Try it:
The lines from the beginning of the records below through the one holding "PLATINUM PLUS AUTOMOTIVE" are to be copied exactly; leave the pictures out.

[Caption-style text data]
********************
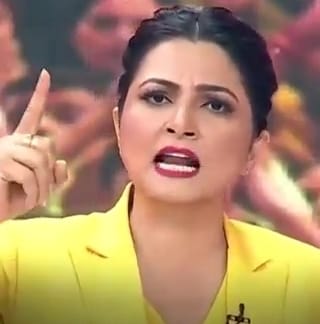 ShivrajXind's tweet image. आज चित्रा मैडम अनिरुद्राचार्य पर भड़क गईं हैं! कल तक ढोंगियों का बचाव करने वाली आज क्यों भड़क गई?

चित्रा त्रिपाठी: अनिरुद्राचार्य अपने लोगों को बिठाते हैं हम लोगों के बारे में गलत टिप्पणी करते हैं! इस आदमी की जुबान पर लगाम लगे ! इस आदमी ने कपिल शर्मा का शो बना दिया है!…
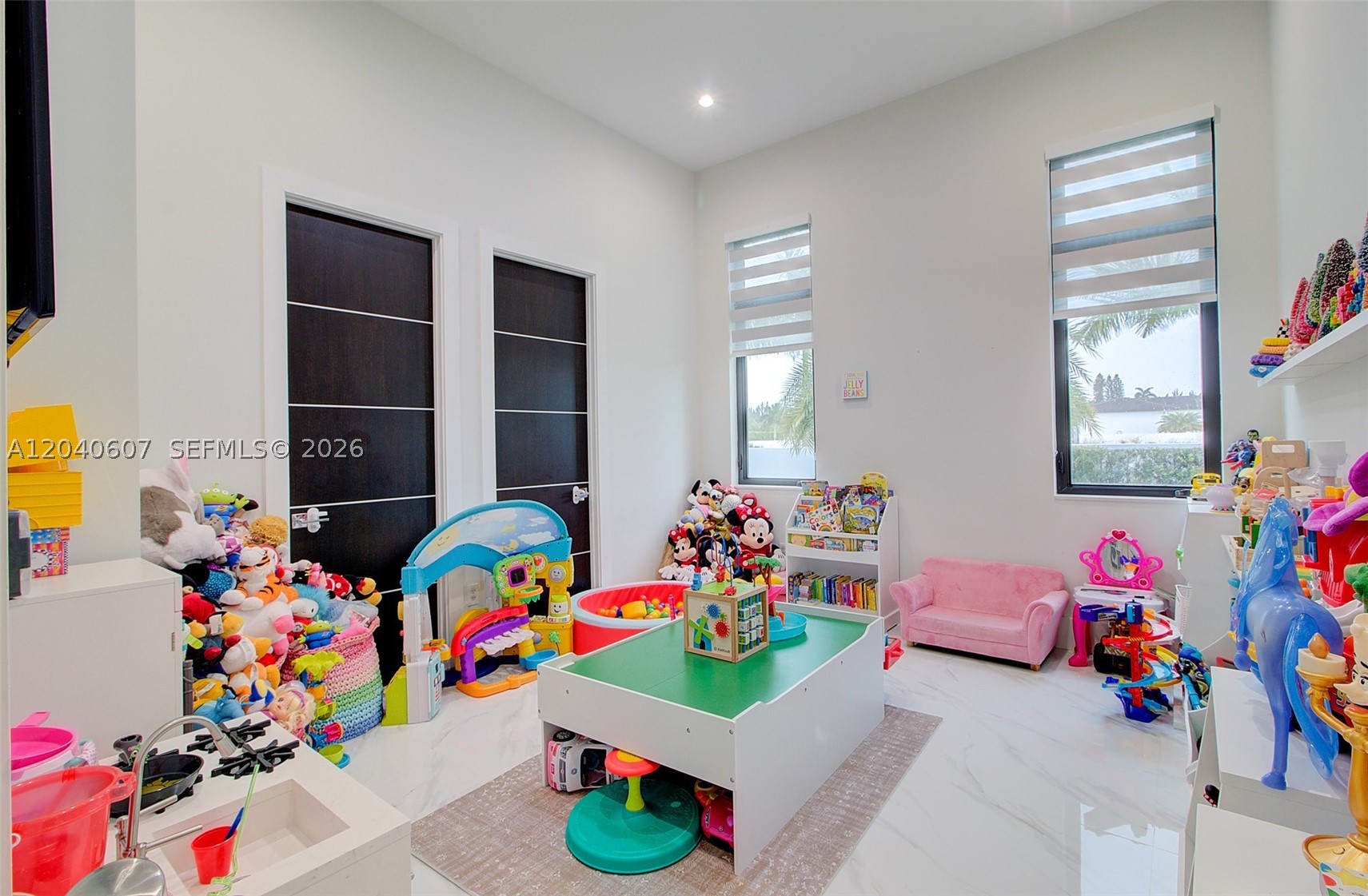 LOS JARDINES ESTATES - Residential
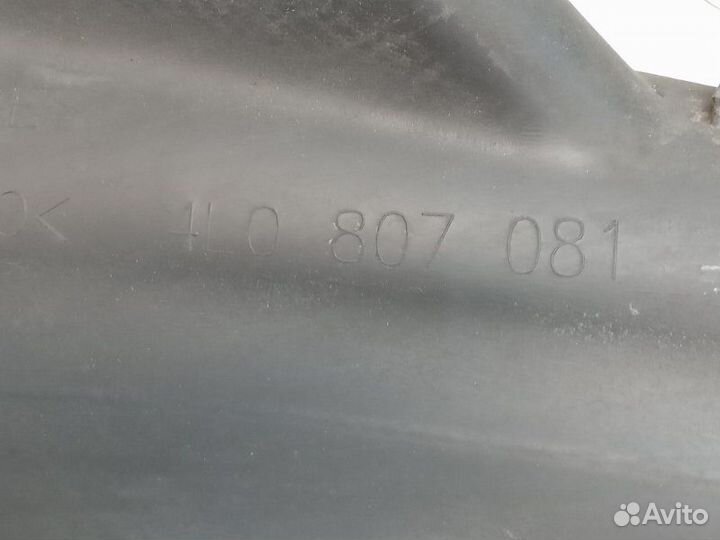 Накладка передней панели передняя Audi Q7 4LB BHK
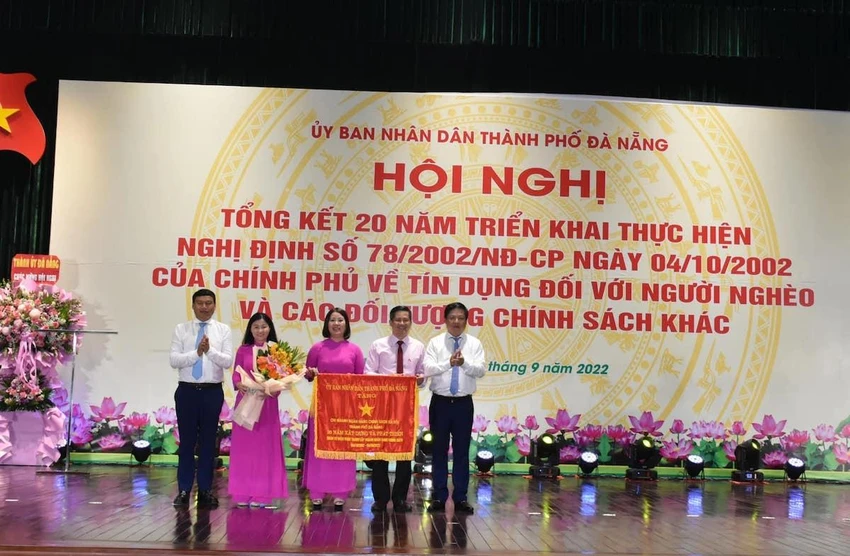 Ban lãnh đạo Chi nhánh NHCSXH TP Đà Nẵng nhận Cờ thi đua của UBND TP Đà Nẵng.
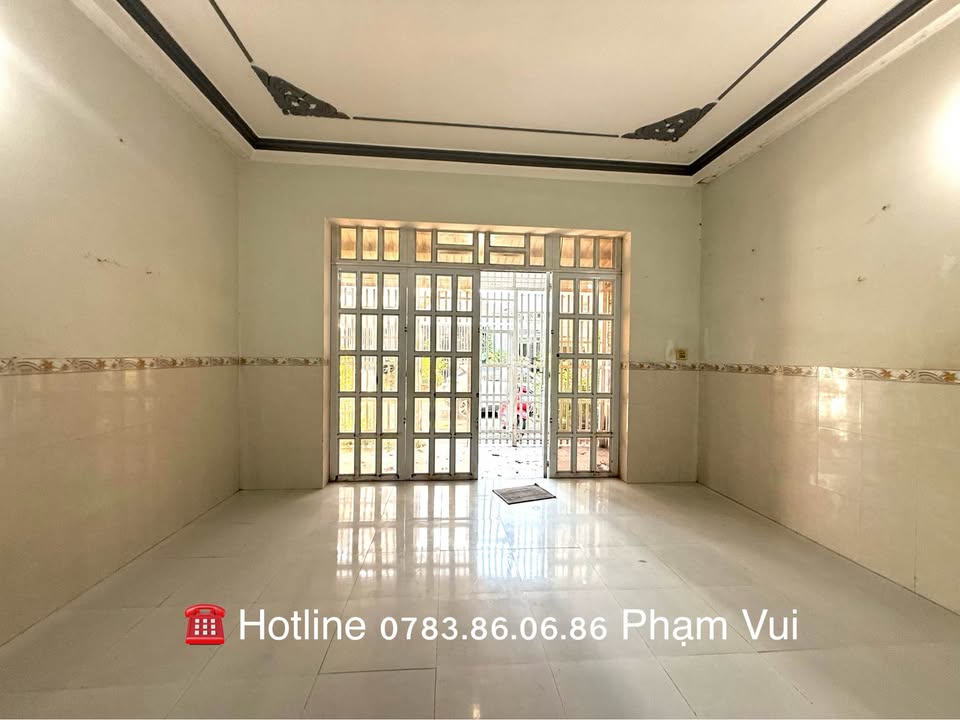 Nhà phố Vĩnh Quang, Rạch Giá 87m² giá 2.2 tỷ - Sổ hồng chính chủ, 1 trệt 1 lầu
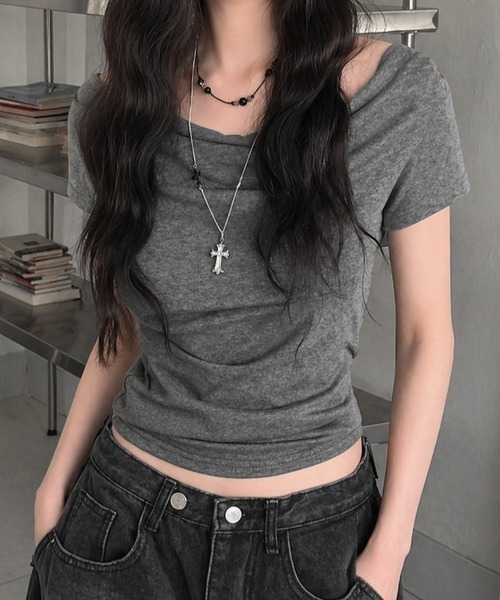 LADY LIKE(レディライク)の「【春夏新作】2WAY胸元ドレープサイドギャザー入り半袖カットソートップス Tシャツ(Tシャツ/カットソー・レディース・ホワイト/ブラック/グレー・M/S/L)」の1枚目の写真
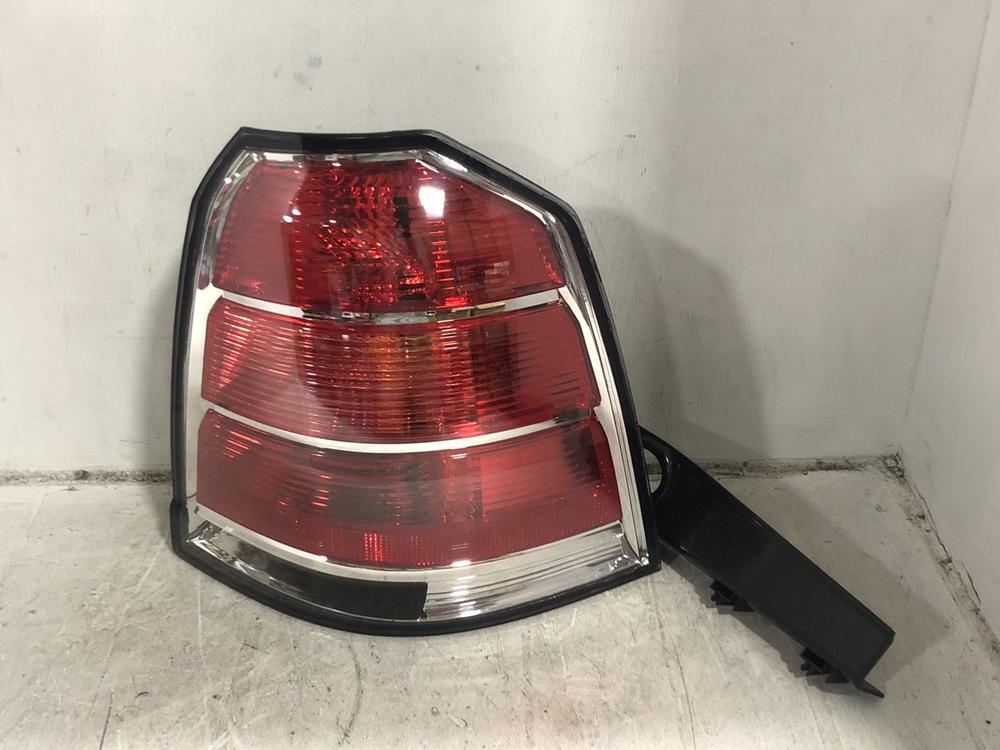 Lot 110  
            Chesterfield SR45 - Parcel Delivery Only 

                
PLATINUM PLUS AUTOMOTIVE LIGHTING OSR LAMP 478 72 0965 (LOCATION: F1)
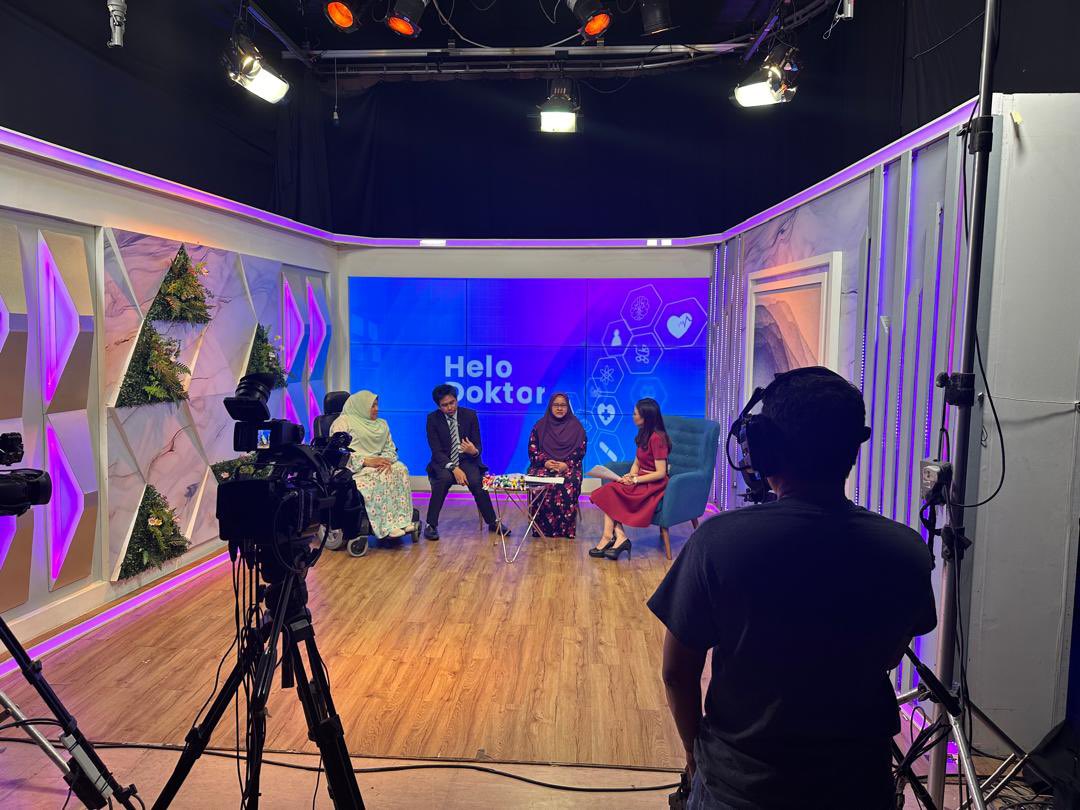 DSU_IIUM's tweet photo. Br. Nur Arif received an invitation to share his inspiring story on 'Helo Doktor' on TV3. Hosted by Nadia Azmi, the interview aimed to highlight Nur Arif's journey as a student with autism. Joined by Prof. Dr. Ruzita and a guest expert, the episode will air on Sunday, June 2nd. https://t.co/XGO6VWyJ4z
********************
Result for this task:
 ShivrajXind's tweet image. आज चित्रा मैडम अनिरुद्राचार्य पर भड़क गईं हैं! कल तक ढोंगियों का बचाव करने वाली आज क्यों भड़क गई?

चित्रा त्रिपाठी: अनिरुद्राचार्य अपने लोगों को बिठाते हैं हम लोगों के बारे में गलत टिप्पणी करते हैं! इस आदमी की जुबान पर लगाम लगे ! इस आदमी ने कपिल शर्मा का शो बना दिया है!…
 LOS JARDINES ESTATES - Residential
 Накладка передней панели передняя Audi Q7 4LB BHK
 Ban lãnh đạo Chi nhánh NHCSXH TP Đà Nẵng nhận Cờ thi đua của UBND TP Đà Nẵng.
 Nhà phố Vĩnh Quang, Rạch Giá 87m² giá 2.2 tỷ - Sổ hồng chính chủ, 1 trệt 1 lầu
 LADY LIKE(レディライク)の「【春夏新作】2WAY胸元ドレープサイドギャザー入り半袖カットソートップス Tシャツ(Tシャツ/カットソー・レディース・ホワイト/ブラック/グレー・M/S/L)」の1枚目の写真
 Lot 110  
            Chesterfield SR45 - Parcel Delivery Only 

                
PLATINUM PLUS AUTOMOTIVE LIGHTING OSR LAMP 478 72 0965 (LOCATION: F1)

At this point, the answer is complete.